Greencore, the convenience food manufacturer with facilities in the UK and US, reported revenue of £639.6m in its third quarter to the end of June, an increase of 0.5% on the same three months last year.

On a like-for-like basis, revenue increased by 8.1% in the quarter. This sees year-to-date revenue at the sandwich maker at £1.9bn, up 14% on the same nine months last year.

The growth in the quarter was driven by Greencore's convenience foods business in the UK and Ireland, where revenue increased 1.4% to £376m in the quarter and is up 5.2% for the year to date.

The main growth was primarily driven by an increased revenue contribution from the distribution of third-party products through its direct-to-store network.
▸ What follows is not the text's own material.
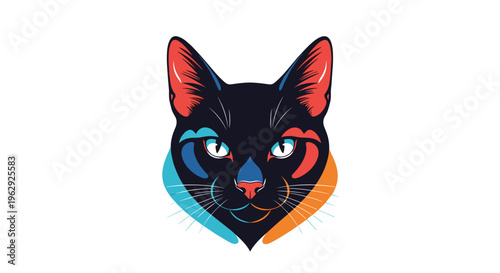 Stylized portrait of a black cat with red and blue accents and white whiskers against a clean white background in a modern minimalist style.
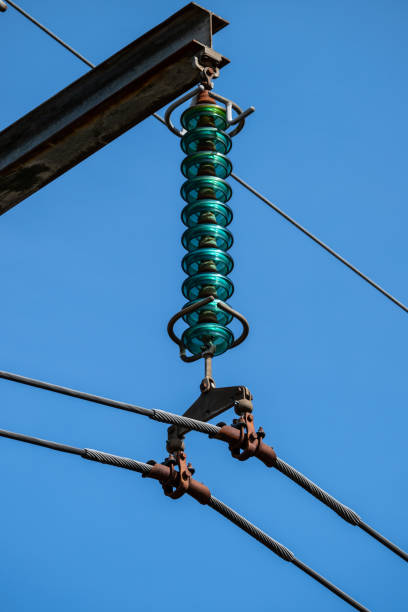 close-up of an insulator on a power line.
Reported revenue in other parts of this division decreased by 12.8% in the third quarter, reflecting the elimination of cake and dessert revenue. Once these are stripped out, revenue increased 2.5%.

The phased closure of Greencore's English dessert manufacturing facility in Evercreech was completed in June and the site was subsequently divested. Greencore is also now proposing to phase out some of its ready meal manufacturing at Kiveton.

Its US division reported a 0.8% decline in third-quarter revenues to £264m, though on a like-for-like basis revenues were up 8.6%. This was driven by its 2016 acquisition of Peacock Foods, where growth accelerated to 19.4%. The company says there was good volume growth.

Senior appointments

Greencore also announced this morning that it has appointed ex-General Mills senior executive Anton Vincent as the CEO of Greencore USA. In the UK, it appointed Peter Haden, currently group COO, to a newly created role of CEO of Greencore UK.

Greencore reiterated its FY18 guidance of adjusted EPS in the range of 14.7p to 15.7p.